Tips for Taking Vacation Photos

Our bad vacation photos are generally a learned phenomenon. Uncle Fred had a Polaroid and lined you all up in front of Mt. Rushmore, then backed off half a mile to take the picture. That’s the kind of vacation image that rots in a drawer for eternity. If you want to take dynamic pictures that accurately recall the sights, sounds, and flavors of your trip, just remember six basics of vacation photography.

1. Don’t buy the camera the day before you leave on the trip.

There’s no more surefire way to be disappointed in your trip pictures than to spend the entire time fighting your camera because you don’t know what it can do or how to change the settings. If you’re going to get a new camera for your trip, buy it a month ahead of time and practice, practice, practice.

2. Double your memory.

Always stock up on memory for your digital camera before heading out on vacation. If you’re not filling up your memory cards, you’re not making the photographic “most” of what you’re seeing and doing. Better to take too many pictures than too few. After all, you can’t just pop back to Venice and re-stage that botched gondola shot.
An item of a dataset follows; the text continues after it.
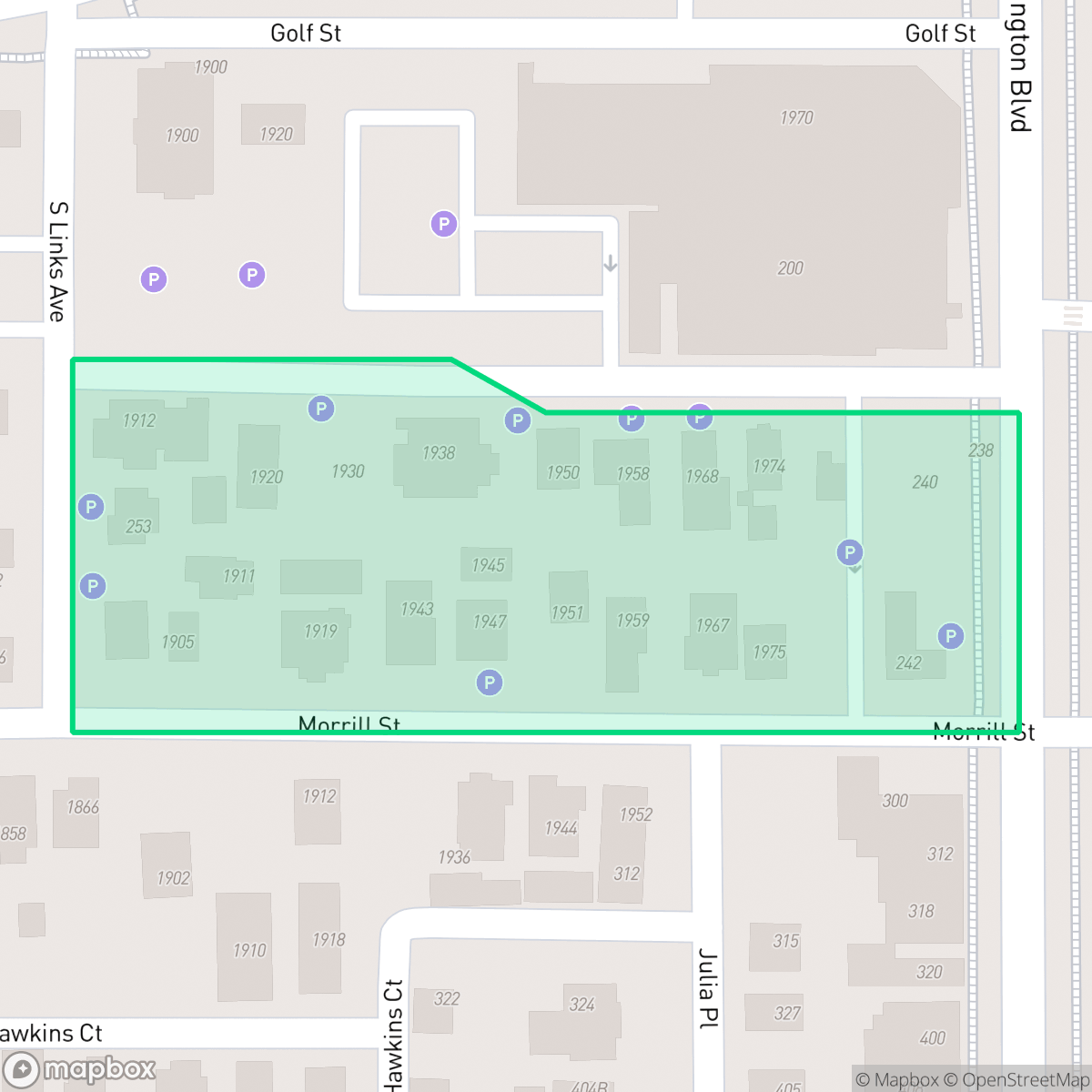 Map showing the location of Towles Court, Sarasota, FL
3. Photograph things you wouldn’t normally photograph.

The great beauty of digital cameras is that those shots are free. Snap away. Have a beautiful dinner? Photograph your plate. Amused by the royal coat of arms on the toilet paper at the Tower of London? Photograph it. These are the kinds of images that make great additions on scrapbook pages because they add detail and flavor.

4. Resist the photographic stereotypes.

We all have drawers full of very tiny people standing in front of very large vacation “features.” You can’t see the people and the “feature” is boring. When you are photographing people, get up close. Take your husband standing beside the sign that says “Old Faithful,” then get one of the geyser erupting with crowds watching. Together the images tell the story much better than one, trite, staged shot.

5. Don’t center everything.

Good photographic composition revolves around the rule of thirds. For simplicity sake, just know that photos with the subject pushed to the left or right of center are more appealing to the eye. “But,” you protest, “my camera focuses in the center.” Focus on your subject by depressing the shutter half way. Hold it there and shift your field of view left or right. Your subject will still be in focus, but your composition will be greatly improved. (Remember, keep people looking into the frame, not out of the picture.)

6. Zoom in and take wide angle shots.

Essentially, vary your perspective. Take close up shots of interesting items like architectural details, but pull back and get beautiful wide angle shots of the Alps. In real life we don’t look at things from the same distance, at the same angle, with everything dead center. We shouldn’t take photographs that way either!

Finally, when you’re on vacation, your camera should be surgically attached to your hand. Have it with you at all times – preferably turned on and hard at work. When you’re home and want to show off your pictures, your friends will be pleasantly surprised to find out you haven’t taken the same old boring vacation shots, but instead have dynamic, interesting images to share and to discuss.